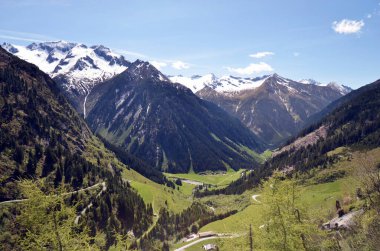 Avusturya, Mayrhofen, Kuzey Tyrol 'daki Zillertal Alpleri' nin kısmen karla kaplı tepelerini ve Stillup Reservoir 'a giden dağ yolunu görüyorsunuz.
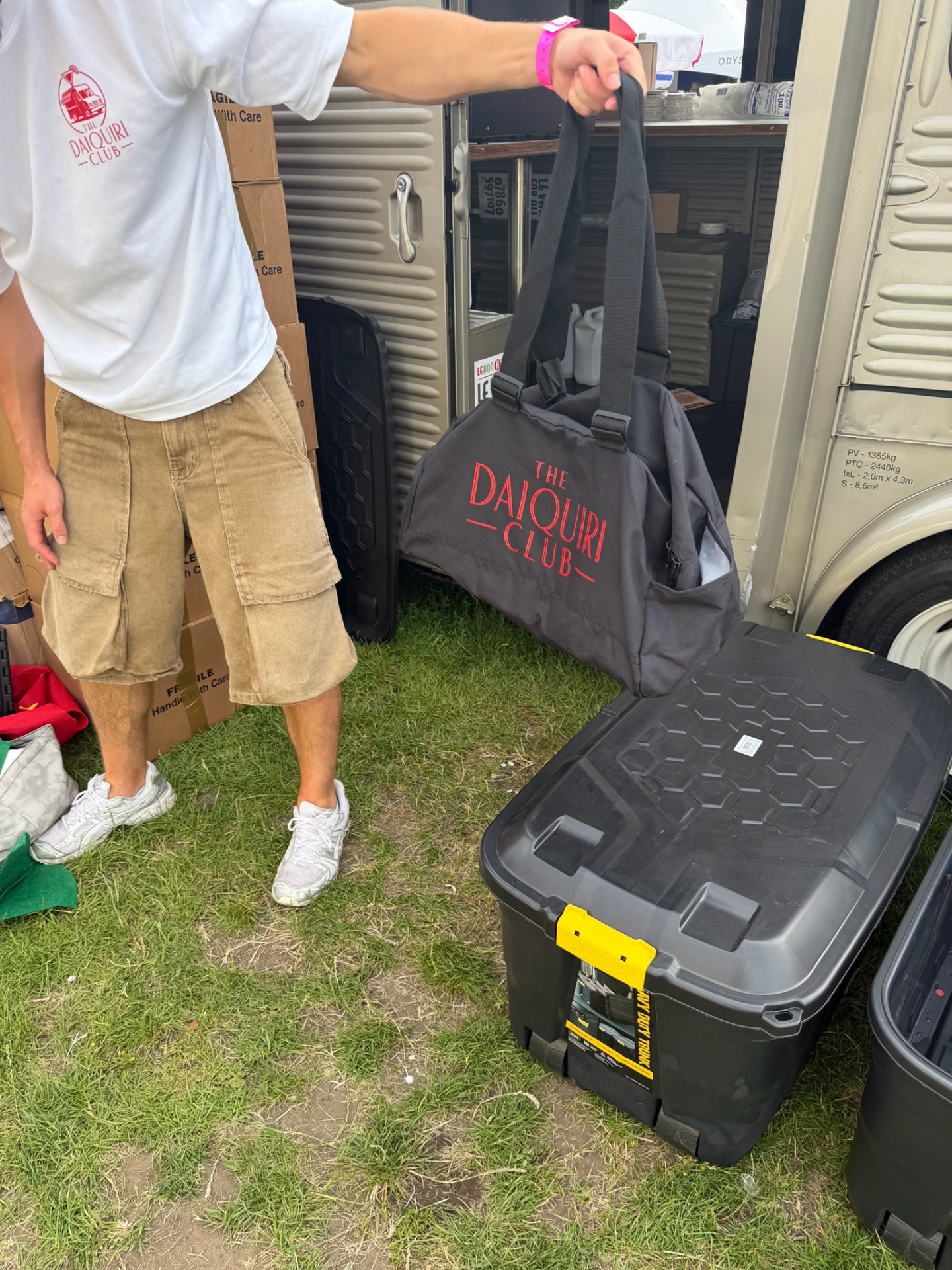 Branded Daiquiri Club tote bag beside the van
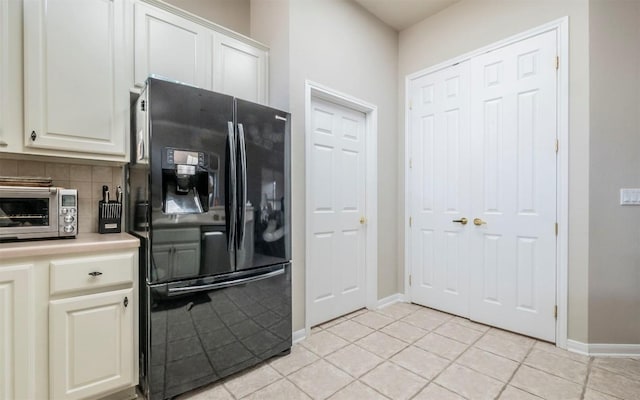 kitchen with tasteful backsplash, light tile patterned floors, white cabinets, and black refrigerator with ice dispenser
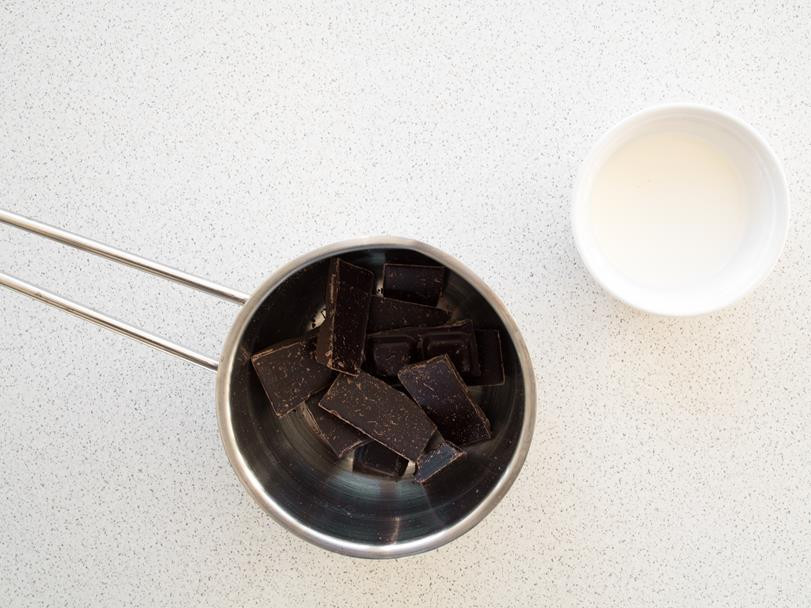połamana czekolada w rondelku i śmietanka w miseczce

▶ WHAT YOU SHOULD DO
Please print exactly the lines running from the line with "kitchen with tasteful" through the final line of the material, and nothing more. Keep pictures out.

▶ RESULT OF THIS TASK
 kitchen with tasteful backsplash, light tile patterned floors, white cabinets, and black refrigerator with ice dispenser
połamana czekolada w rondelku i śmietanka w miseczce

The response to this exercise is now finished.